Equity is the cash value in your home acquired over a certain period of time. To determine your
homes’ equity, you need to find out the value of your home on the current market and subtract the balance owed on the mortgage. In general,
a home equity loan is a second mortgage that will give you your equity in one lump sum. There are fixed-rate mortgages and adjustable mortgages.
The loan is secured by the home itself, so if you do not repay your debt and default on the loan, your lender can foreclose your home. This could
be a bad situation for you and your family, so make sure you have the ability to make the monthly installments before you choose to obtain such a
loan.
A home equity loan usually includes an annual fee and a “margin” which can become quite costly. Margin refers to the amount used to
determine your new rate at each adjustment period. This type of loan also has the same fees as a traditional mortgage, which could include
closing costs, title search, appraisal, application fee and an annual maintenance fee. You really need to do your homework and understand your
options before obtaining a home equity loan.
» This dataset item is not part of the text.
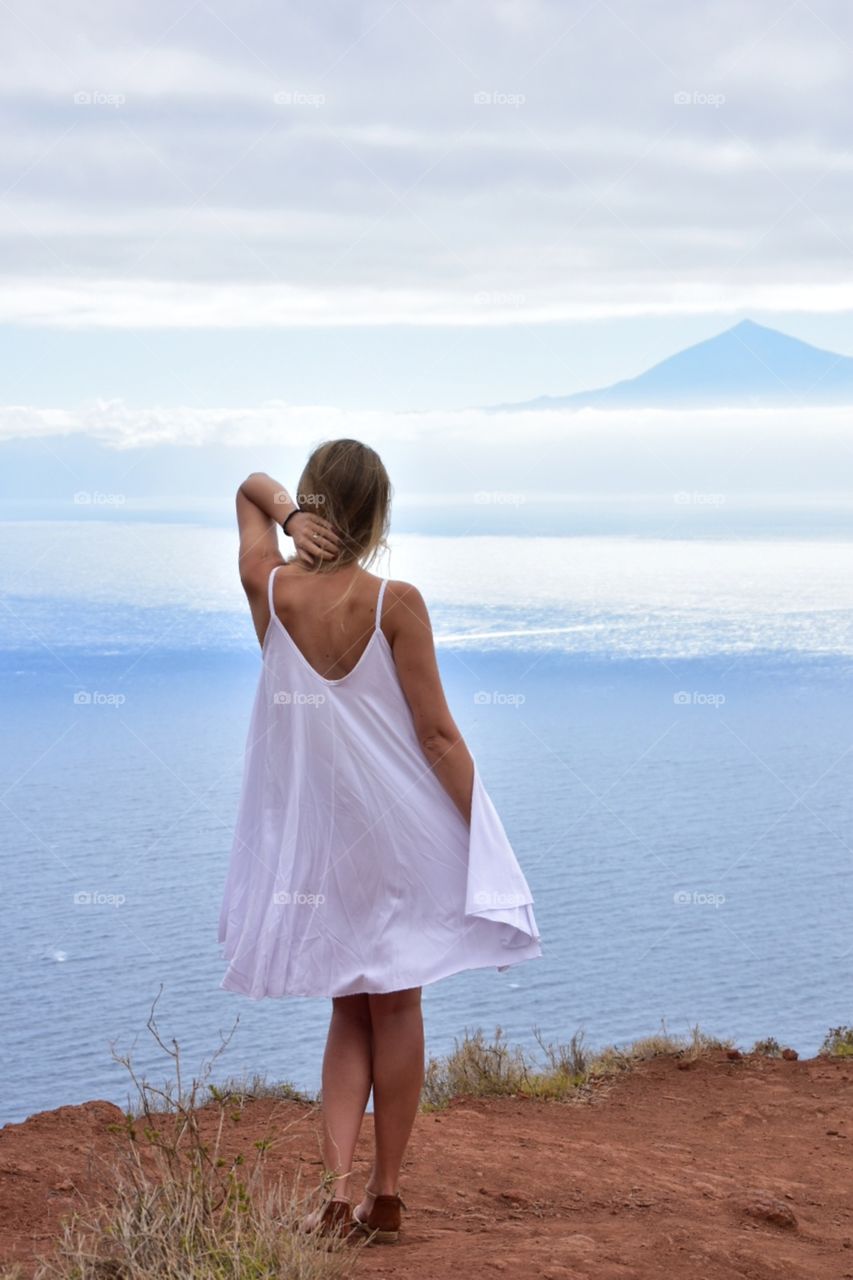 woman on view point on la gomera canary island in Spain- tenerife island view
You should find out about such things as pre-payment options, balloon payments, and
principal. Get several quotes from multiple lenders before you decide on your loan. Many credit unions are free to join and offer lower
fees and interest rates. You can check interest rates and get quotes from most financial institutions online. Make sure you get the best rate
that you can. Two things that affect rates are credit and location. If your credit is bad, your interest rate will be higher. Many states are
very competitive when it comes to rates and home equity loans, one of which is Nebraska. Currently, Nebraska home equity loan rates are close to
the national average of 7.66 percent. If you take your time and do your homework, you can get a home equity loan that you can afford.